Comfrey, with its big lightly fuzzy leaves, is a favorite. Although they like to peck through the fence and get a little salad break themselves, anything that a person picks and brings in to hand-feed them clearly tastes better. (I can relate: Why is it that a glass of water someone else fetches for you always tastes better than one you make yourself?)

But leafy greens, while a treat for our flock, are nothing (NOTHING!) compared with the glory that is a freshly shucked ear of corn. They are crazy for corn. Whenever Jim McCannSunset art director and General Cluck — goes into the coop, the little chicklets swarm his feet, because they know that he is the keeper of the corn. Bliss!

(I should mention now: Our chickens are, of course, still eating their dutiful diet of “chick starter,” which comes from the feed store in hefty 50-pound bags. These other foods are treats.)

But there’s another treat for the chickens — one that’s almost better than corn. And it’s been growing, as a volunteer, in their coop this whole time. A hearty specimen of fennel, which grows wild along highways here in Northern California, had popped up in that corner of the garden, and Ryan left it as he built the coop around it. 

Now, you may be picturing luscious apple green fronds, but this particular fennel is not at that point in the season.

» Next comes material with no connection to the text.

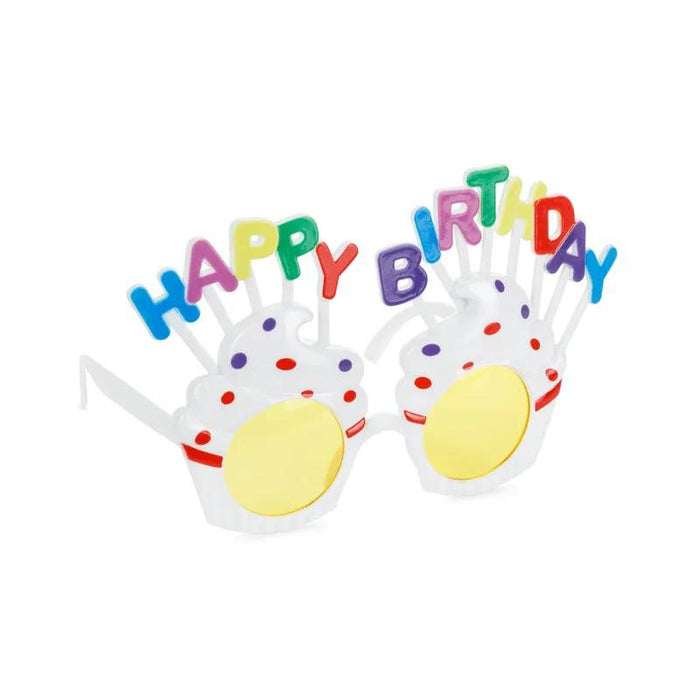 Glasses Cupcake Happy Birthday, 18.5x11.5 cm, white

It’s been growing under our clear plastic roof, and it’s become infested. (Serious gardeners
should look away. It’s grotesque.)

Aphids, powdery mildew — this thing is sad. And the chickens are positively mad for it. They adore it. They practically knock you down when you step into the coop to persuade you to give them some. Little Ruby loves pecking off the aphids, while the others gobble the fronds down — bugs and all. (We theorize that the the aphids and the fennel create sort of a sweet-savory combination.)

Honey, one of our Buff Orpingtons, will jump up on to your arm for a better position to munch on the fennel.

Readers with chickens, what are some of their favorite treats? What do your chickens go crazy for?